I'm not gonna spoil the plot/film for you only to raise a few interesting facts.
Growing up I hated (no that's too strong a word. Let me say "strongly disliked") the police who I know were there to enforce the (unjust) laws however I never saw them as protectors of me and my rights.
My views changed not with age, rather with the monumental effort of one beautiful Nubian Sista called Theresa Peltier who was the chair of The Black Police Association and part of her work was about developing initiatives that encouraged the police and the community to work together.
Theresa was instrumental in changing my opinion and helping me to see “the other side” of the coin.
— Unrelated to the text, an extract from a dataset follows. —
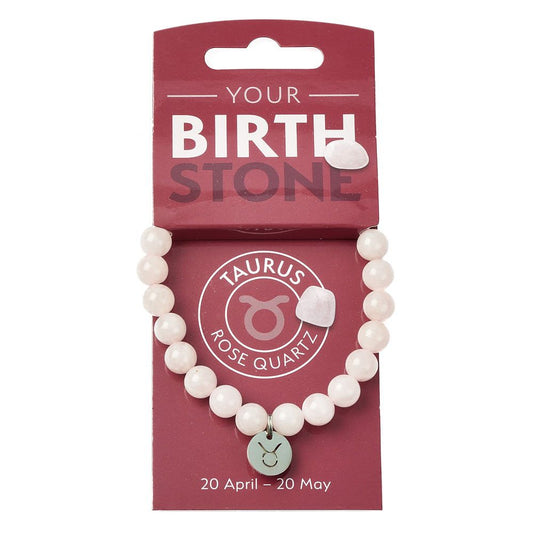 Taurus Rose Quartz Birthstone Bead Bracelet with Zodiac Charm - Crystal Nest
Films and TV shows made in the UK featuring the police seemed to reinforce my dislike of the police and what they did whereas American shows featured people of colour being in the force and were in senior positions (i.e., the stereotypical shouting police boss was always Black and yes the drug dealers were also stereo-typically black but at least you had a "positive" image to counter the "negative" imagery used). Also don't forget the Black detectives America gave us.
Do you remember the TV show called Tenafly? No, read below...
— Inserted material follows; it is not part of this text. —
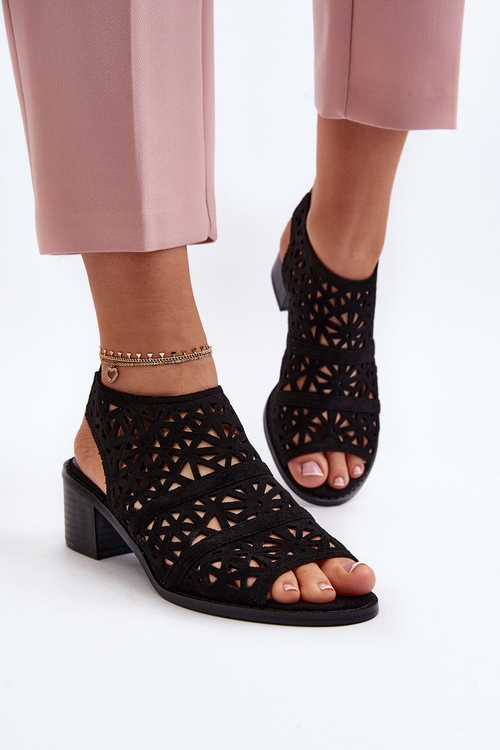 Black Open Toe Sandals Serapina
African-American private eye Harry Tenafly was a happily married, middle-class family man who had given up being a cop to work for a better paying position at a big L.A. detective agency. One of the few TV detectives who relied more on brains and solid legwork, Tenafly had no interest in gunfights, fisticuffs, or chasing beautiful women. Nevertheless, trouble seemed to find him anyway. Written by Mark Limvere-Robinson.
What about Baretta played by Robert Blake (Hispanic) and highlights the cases of maverick undercover New York detective Tony Baretta.
And finally and with no explanation I mention Shaft.
All of the above are Americans but what about the TV shows promoting "The Blackness" on British TV? Oh yeah, "Police 5" which helped to reinforce that we were a race of criminals which 30 years later the stereo-type is believed.
All the negativity to one side. Why would a person of any ethnicity join the forces? Maybe the pay would be appealing eh? Well let's examine their pay.
The average annual salary of police officers and county sheriffs in Los Angeles is $83,550 (£52,100) as of May 2009, according to the Bureau of Labour Statistics. Half of all officers employed by the Los Angeles Police Department and as Los Angeles County Sheriffs earn between 70,640 (£43,700) and $97,290 (£57,400), although the top earning 10 percent earn $111,820 (£69,200) or more each year. Pay Scale’s salary for the Los Angeles Police Department paints a different picture, however; reporting officers earn average annual salaries between $56,722 and $87,398 as of December 2010.
So what's the salary of a UK police officer. Well if you're a officer of several years worth of experience then we are talking £35k ($56k) which as you can see is good money with less risk in comparison to working in the State of Los Angeles which isn't the City of Angels as the name is translated rather it should be renamed "Los Diablo" (work it out students of truth).
So what about being a Law enforcement officer in the boarder country with America and the place where life is so cheap?
The monthly wage of a cop in Mexico where danger is all around and where your uniform makes you a target is $685 (£427) and yearly is $8200). Do bare in mind that your target maybe an Assassin who receives $856 (£534) per month.
I mention the figures because they don't really add up when you realise the increased danger an officer has to face in Mexico for the least money in comparison to a UK officer so what can be the incentive?